Oluşturma Tarihi: 2017-09-16 01:20:17

Güncelleme Tarihi: 2017-09-16 01:20:17

El Kaide'nin eski lideri Usame bin Ladin'in oğlu Hamza bin Ladin, Suriye'ye ilişkin çağrı yaptığı bir mesaj yayınladı. El-Kaide'nin yayın organı Sahab Medya'da yayınlanan mesajda bin Ladin, Suriye içi harekete geilmesi çağrısında bulunuyor.

İşte Ladin'in açıklamasının tam metni.

“Bismillahirrahmanirrahim. Alemlerin Rabbi Allah'a hamd olsun. Şahitlik ederim ki Salihlerin velisi olan Allah'tan başka ilah yoktur. Ve şehadet ederim ki Muhammed, O'nun kulu ve Resulüdür. Allah, kendisine, ailesine ve sahabelerine selat etsin.

Bunun ardından; Kıymetli İslam Ümmetine, Aziz Şam'daki Kerim ehlimize, Esselamualeykum ve rahmetullahi veberekatuh. Tağuta karşı ayaklananlara ve en yüksek sesleriyle bunun tek olan Allah rızası için bir kıyam olduğunu ilan edenlere… Sahip olduğunuz değerli her şeyi ortaya koyup Allah yolunda ve izzet ve şerefinizi yeniden elde etmek için feda ettiniz. Yüreklerinizi, en değerli canlarınızı, gözlerinizin aydınlıklarını ortaya koydunuz. Lisanı haliniz şöyle söyleyenin sözü gibi:

***

Sabrınız, sebatınız ve cihadınızla dünyayı şaşırttınız ve bununla İslam Ümmetinin muasır tarihinde altın bir sayfa açtınız. Sabrınız imrenilmesi gereken bir örnek, kararlılığınız takip edilmesi gereken bir timsal ve cesaret sizden öğrenildi. Allah, sizi İslam ve Müslümanlar adına tüm hayırlarla mükafatlandırsın. Cihat ve Ribatın Şam'ındaki sevgili ehlimiz, biz sizinleyiz ve sizi destekliyoruz. Tağutu devirmek, işgalciyi çıkarmak ve Tek olan ve ortağı olmayan Allah'ın Şeriatını tesis etmek için olan mübarek cihadınızı destekliyoruz. Biz sizinleyiz. Sizin ferahlığınız bizi ferahlandırır, sizin mutluluğunuz bizim kalbimizi huzurla doldurur ve sizin başarı ve zaferiniz bizim yüzlerimize tebessüm ve coşku verir.

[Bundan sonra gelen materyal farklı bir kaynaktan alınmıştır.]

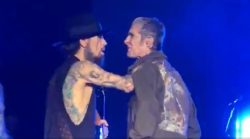 jane’s-addiction-cancela-turne-apos-vocalista-agredir-guitarrista-durante-show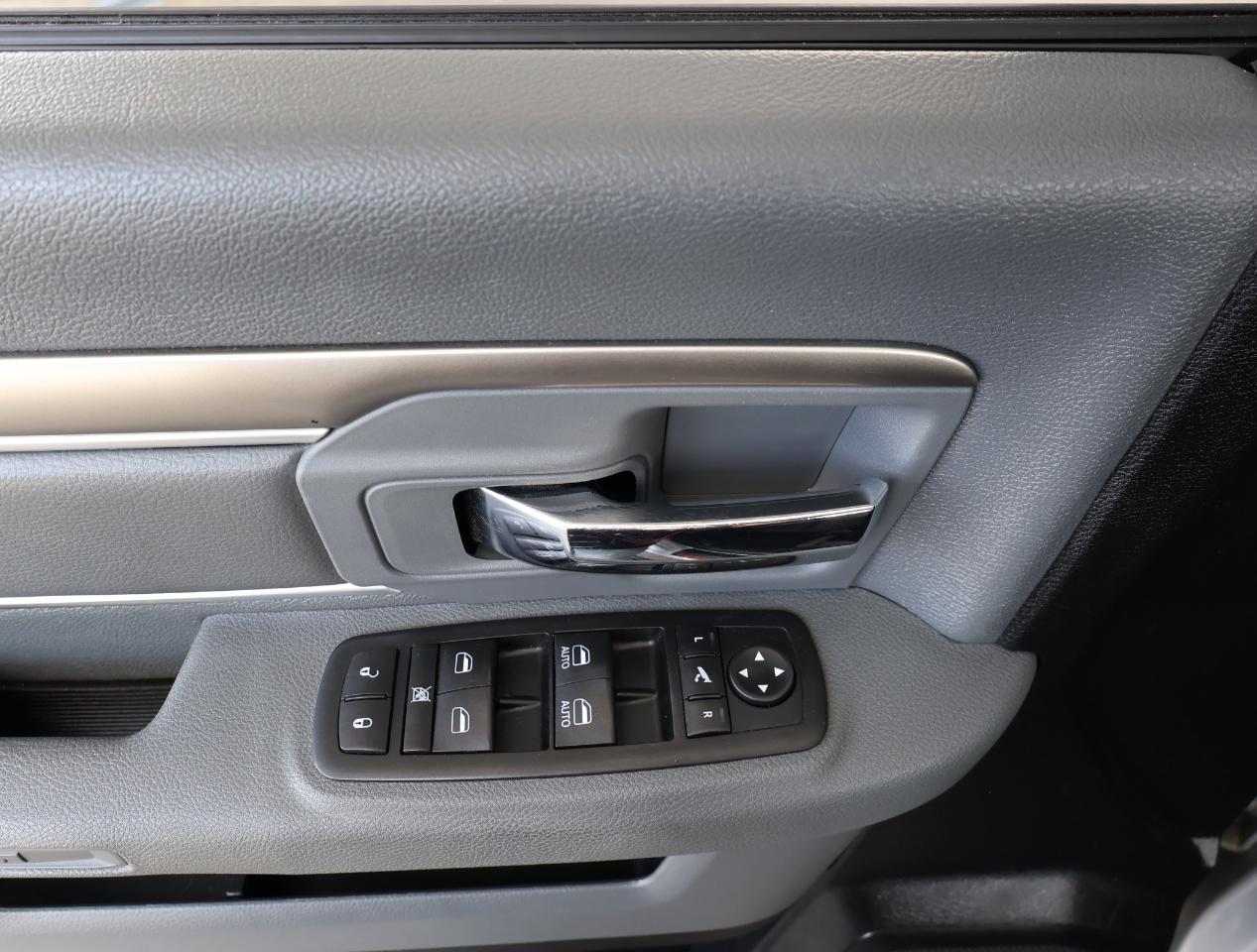 RAM 1500 Big Horn Crew Cab 4WD 2015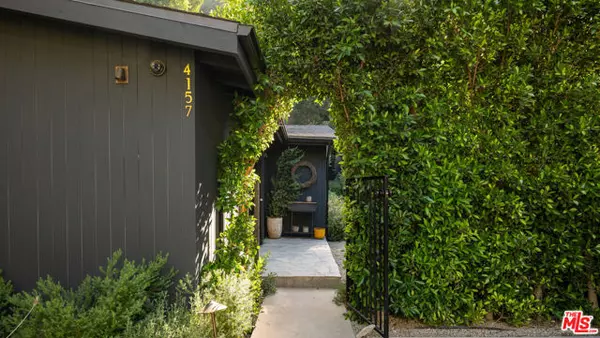 Studio City (los Angeles), CA 91604,4157 Sunswept Drive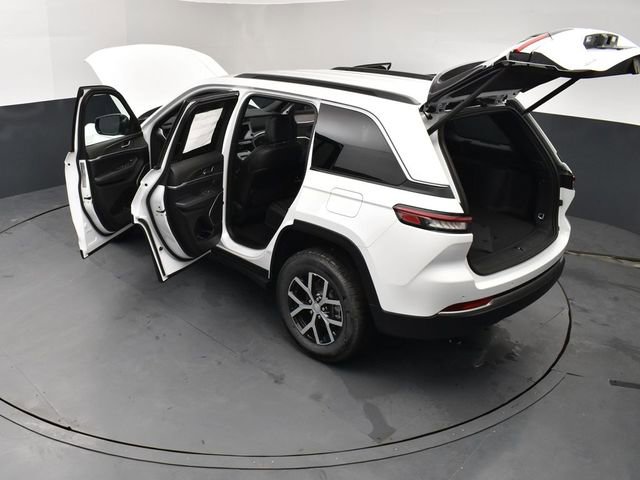 New 2026 Jeep Grand Cherokee Limited image 28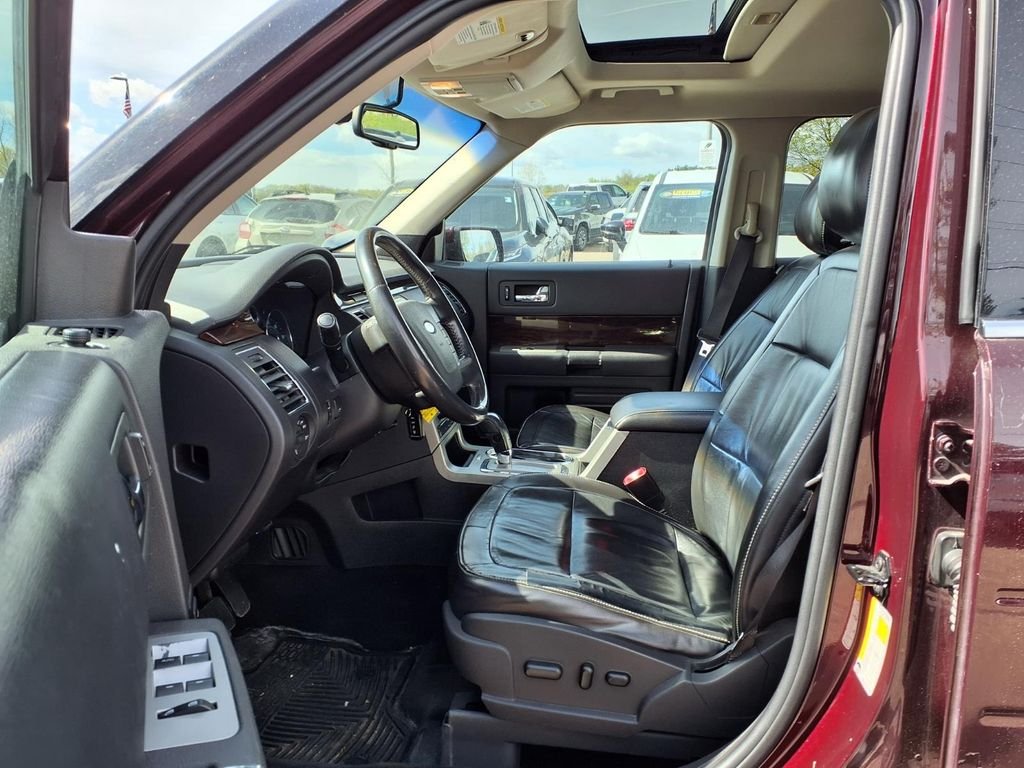 Used 2011 Red Ford SEL image 13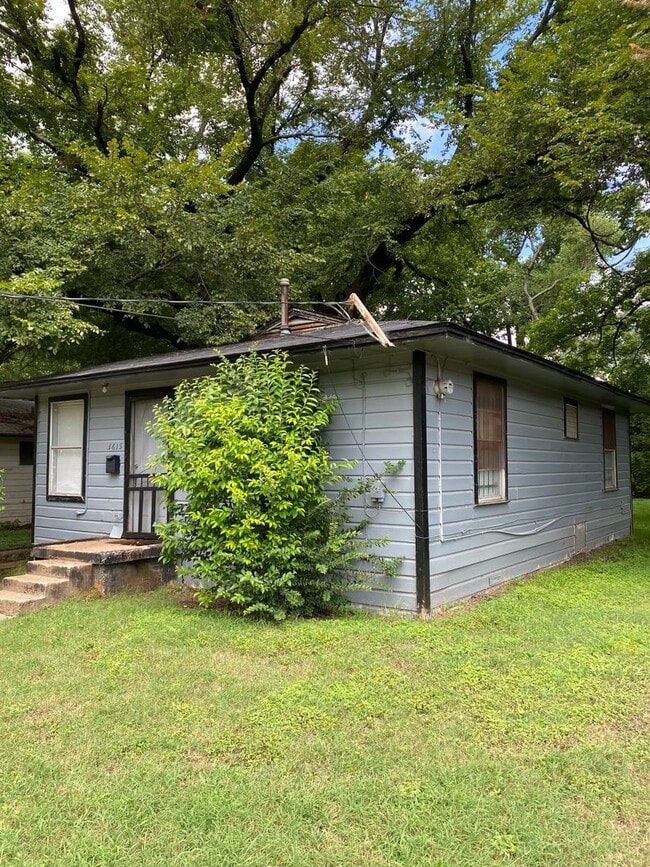 Building Photo - 2 Bedroom 1 Bath available soon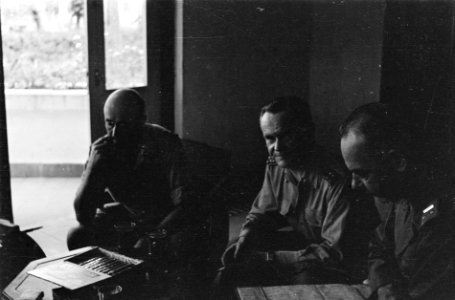 2e Infanterie Brigadegroep Generaal Kruls in overleg met een luitenant-kolone, Bestanddeelnr 4326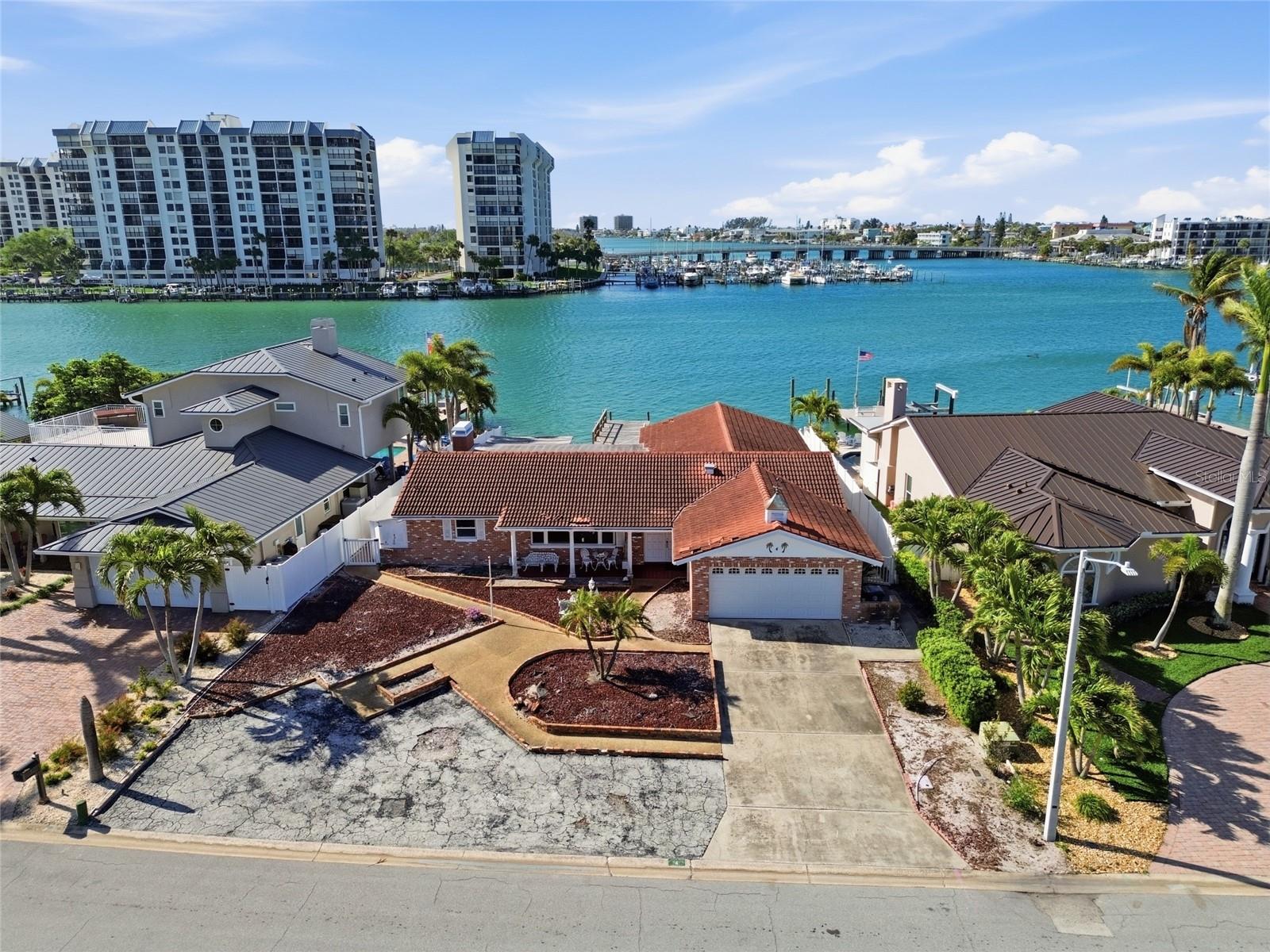 4 Bellevue Dr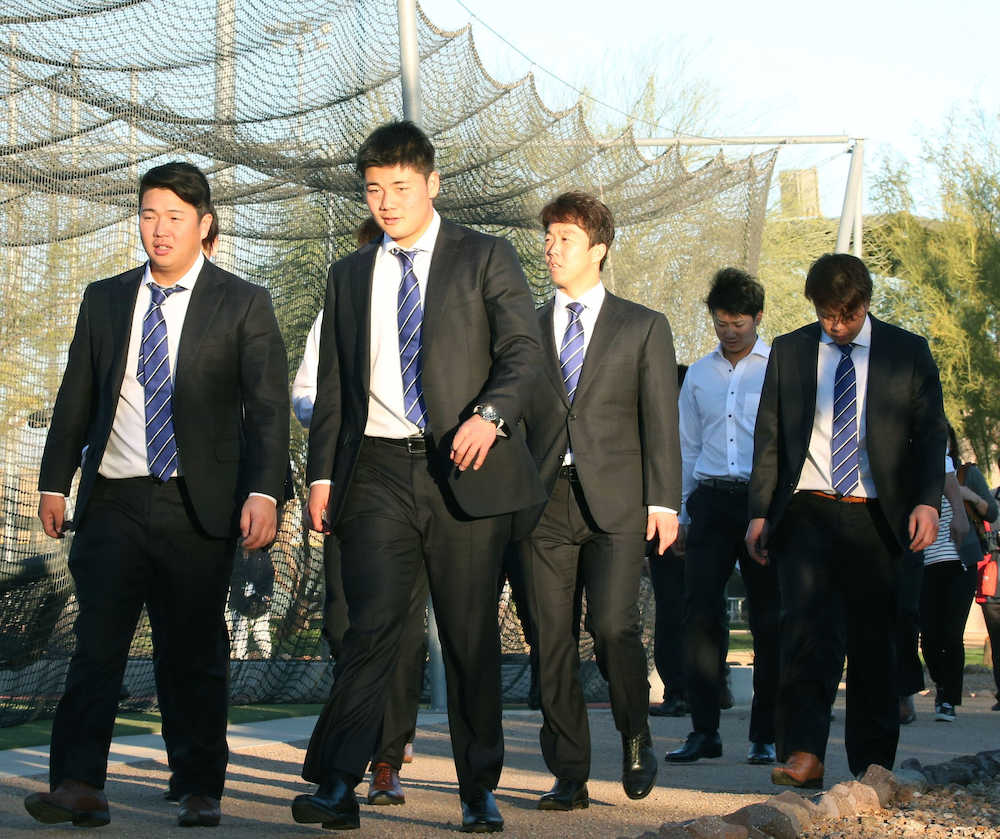 キャンプで利用する大リーグ、ダイヤモンドバックスの施設を見学する日本ハムの清宮（左から２人目）ら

Biz sizinleyiz. Sizin zorluğunuz bizi hüzünlendirir, sizin ıstırabınız bizim kalbimizi kanatır ve sizin manzaranız gözlerimizi yaşa boğar. Allah'tan her daim size kolaylık vermesini, zafer bahşetmesini, yardım etmesini ve katından medetle sizi desteklemesini niyaz ediyoruz. O halde sabredin ki Allah size zafer versin. Ve sebat edin ki Allah sizi sabit kılsın. “Eğer siz acı çekiyorsanız sizin acı çektiğiniz gibi onlar da acı çekiyorlar. Üstelik siz Allah'tan onların ummadığını umuyorsunuz. Allah ilim sahibidir, hakimdir.” (Nisa 104)

Şerefli iki vahye (Kuran ve Sünnete) sıkıca bağlı kaldığınız sürece size vereceğim tavsiye sadece sabırda sebat etmenizdir, çünkü, akıbetiniz Cennettir Allah'ın izniyle. Tereddüt etmeyin, hüzünlenmeyin. Ham çözümleri kabul etmeyin ve de vuslata varıncaya dek yolunuzda orta yolu tutmaktan vazgeçmeyin, bu sizin büyük fedakarlıklarınızın heba edilmesinden ve parlak devriminizin vakitsiz gelen imhasından başka bir şey olmaz. İşlerinizi ahiret terazisinde tartın, zorluklarınız size önemsiz gelecektir.

***

Size kıymetli içten bir nasihatte bulunmak isterim; kabul ediniz. Ve size korkudan emin kılan şefkatli bir uyarıda bulunuyorum; o halde dikkatle dinleyin. Tavsiyeme gelirsek: Allah'ın emriyle amel edin; “Hep birlikte Allah'ın ipine sarılın ve ayrılığa düşmeyin.” (Ali İmran 103) Ve sizin için en hayırlı olanı isteyen cihat alimlerinin ve şeyhlerinin yol göstericiliğine yapışın. Sevgili Mücahit kardeşlerim: Mülteci kamplarındaki mustazaf erkek ve kadınlar için biraz önem gösterin. Sırf kampların görünüşü bile sizdeki sorumluluk şuurunu keskin biçimde artırmalı. Mülteci kampları diyor ki: Ben, kaskatı açlığım. Ben sert bir soğuğum. Ben en zor hayatım. Hala size şunu söylüyor: Taputun alaşağı edilmesi yolunda acılarım katmerlenmiş. Allah'ın son Şeriatını tesis etmek için acılarım anlamını yitirdi. Ehlimiz için izzetli ve saygın bir hayatın yer aldığı şartları oluşturmanız umuduyla kederim hafifler.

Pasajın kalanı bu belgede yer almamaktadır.